Records from a dataset:
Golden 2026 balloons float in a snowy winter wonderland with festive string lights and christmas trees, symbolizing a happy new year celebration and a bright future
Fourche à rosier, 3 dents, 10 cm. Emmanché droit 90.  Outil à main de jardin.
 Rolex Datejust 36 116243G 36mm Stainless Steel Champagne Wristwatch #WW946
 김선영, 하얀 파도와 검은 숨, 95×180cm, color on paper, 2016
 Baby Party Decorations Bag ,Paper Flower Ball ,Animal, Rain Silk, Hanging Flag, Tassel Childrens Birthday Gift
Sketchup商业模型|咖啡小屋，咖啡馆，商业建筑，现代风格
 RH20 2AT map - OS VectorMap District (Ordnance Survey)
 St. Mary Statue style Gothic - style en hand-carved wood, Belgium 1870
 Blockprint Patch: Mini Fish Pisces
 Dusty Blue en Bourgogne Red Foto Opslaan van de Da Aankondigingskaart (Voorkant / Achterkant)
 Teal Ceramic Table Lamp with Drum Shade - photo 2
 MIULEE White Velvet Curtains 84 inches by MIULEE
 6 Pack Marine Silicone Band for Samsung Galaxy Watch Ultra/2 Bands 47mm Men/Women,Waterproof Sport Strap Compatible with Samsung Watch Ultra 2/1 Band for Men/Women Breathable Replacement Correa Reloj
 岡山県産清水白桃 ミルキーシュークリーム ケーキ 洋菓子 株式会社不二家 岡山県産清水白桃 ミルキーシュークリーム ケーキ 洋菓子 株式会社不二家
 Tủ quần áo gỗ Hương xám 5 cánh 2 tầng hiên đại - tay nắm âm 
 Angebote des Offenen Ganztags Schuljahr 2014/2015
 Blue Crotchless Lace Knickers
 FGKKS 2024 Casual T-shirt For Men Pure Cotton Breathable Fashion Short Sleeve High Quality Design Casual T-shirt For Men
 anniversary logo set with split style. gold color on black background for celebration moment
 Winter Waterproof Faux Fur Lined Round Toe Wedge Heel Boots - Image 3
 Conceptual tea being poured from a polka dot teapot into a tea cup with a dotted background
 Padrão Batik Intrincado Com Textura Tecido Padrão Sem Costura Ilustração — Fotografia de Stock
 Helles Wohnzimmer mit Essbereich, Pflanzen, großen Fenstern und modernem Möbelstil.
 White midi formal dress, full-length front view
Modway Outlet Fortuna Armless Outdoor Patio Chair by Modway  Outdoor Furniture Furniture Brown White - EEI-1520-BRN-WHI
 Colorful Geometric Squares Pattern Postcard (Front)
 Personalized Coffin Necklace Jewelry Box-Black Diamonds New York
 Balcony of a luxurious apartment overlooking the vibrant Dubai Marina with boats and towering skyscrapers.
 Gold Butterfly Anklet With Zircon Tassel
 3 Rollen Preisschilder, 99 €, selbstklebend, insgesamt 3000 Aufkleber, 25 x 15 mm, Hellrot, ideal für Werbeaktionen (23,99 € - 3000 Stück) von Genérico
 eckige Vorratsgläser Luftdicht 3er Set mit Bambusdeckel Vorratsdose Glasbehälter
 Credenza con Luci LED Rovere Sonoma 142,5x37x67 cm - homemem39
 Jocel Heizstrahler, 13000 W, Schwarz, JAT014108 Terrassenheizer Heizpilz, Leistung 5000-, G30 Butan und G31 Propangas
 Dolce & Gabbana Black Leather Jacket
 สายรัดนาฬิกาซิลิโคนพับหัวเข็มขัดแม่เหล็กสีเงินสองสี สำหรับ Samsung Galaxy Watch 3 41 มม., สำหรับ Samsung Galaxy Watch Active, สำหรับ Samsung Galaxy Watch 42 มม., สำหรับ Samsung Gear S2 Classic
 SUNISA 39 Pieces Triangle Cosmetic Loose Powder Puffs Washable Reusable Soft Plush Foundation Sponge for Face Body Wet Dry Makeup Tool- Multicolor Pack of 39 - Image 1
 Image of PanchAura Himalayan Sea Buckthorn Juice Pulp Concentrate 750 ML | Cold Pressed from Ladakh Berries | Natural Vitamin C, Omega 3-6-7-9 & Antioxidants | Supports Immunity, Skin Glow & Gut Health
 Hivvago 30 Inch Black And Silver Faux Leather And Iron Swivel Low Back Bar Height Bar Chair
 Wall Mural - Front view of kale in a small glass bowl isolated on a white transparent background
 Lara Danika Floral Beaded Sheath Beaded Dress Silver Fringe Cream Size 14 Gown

Task goal: Above are the records; print exactly the lines from the line with "Winter Waterproof Faux" to the line with "SUNISA 39 Pieces", including both, and nothing else.

Output:
 Winter Waterproof Faux Fur Lined Round Toe Wedge Heel Boots - Image 3
 Conceptual tea being poured from a polka dot teapot into a tea cup with a dotted background
 Padrão Batik Intrincado Com Textura Tecido Padrão Sem Costura Ilustração — Fotografia de Stock
 Helles Wohnzimmer mit Essbereich, Pflanzen, großen Fenstern und modernem Möbelstil.
 White midi formal dress, full-length front view
Modway Outlet Fortuna Armless Outdoor Patio Chair by Modway  Outdoor Furniture Furniture Brown White - EEI-1520-BRN-WHI
 Colorful Geometric Squares Pattern Postcard (Front)
 Personalized Coffin Necklace Jewelry Box-Black Diamonds New York
 Balcony of a luxurious apartment overlooking the vibrant Dubai Marina with boats and towering skyscrapers.
 Gold Butterfly Anklet With Zircon Tassel
 3 Rollen Preisschilder, 99 €, selbstklebend, insgesamt 3000 Aufkleber, 25 x 15 mm, Hellrot, ideal für Werbeaktionen (23,99 € - 3000 Stück) von Genérico
 eckige Vorratsgläser Luftdicht 3er Set mit Bambusdeckel Vorratsdose Glasbehälter
 Credenza con Luci LED Rovere Sonoma 142,5x37x67 cm - homemem39
 Jocel Heizstrahler, 13000 W, Schwarz, JAT014108 Terrassenheizer Heizpilz, Leistung 5000-, G30 Butan und G31 Propangas
 Dolce & Gabbana Black Leather Jacket
 สายรัดนาฬิกาซิลิโคนพับหัวเข็มขัดแม่เหล็กสีเงินสองสี สำหรับ Samsung Galaxy Watch 3 41 มม., สำหรับ Samsung Galaxy Watch Active, สำหรับ Samsung Galaxy Watch 42 มม., สำหรับ Samsung Gear S2 Classic
 SUNISA 39 Pieces Triangle Cosmetic Loose Powder Puffs Washable Reusable Soft Plush Foundation Sponge for Face Body Wet Dry Makeup Tool- Multicolor Pack of 39 - Image 1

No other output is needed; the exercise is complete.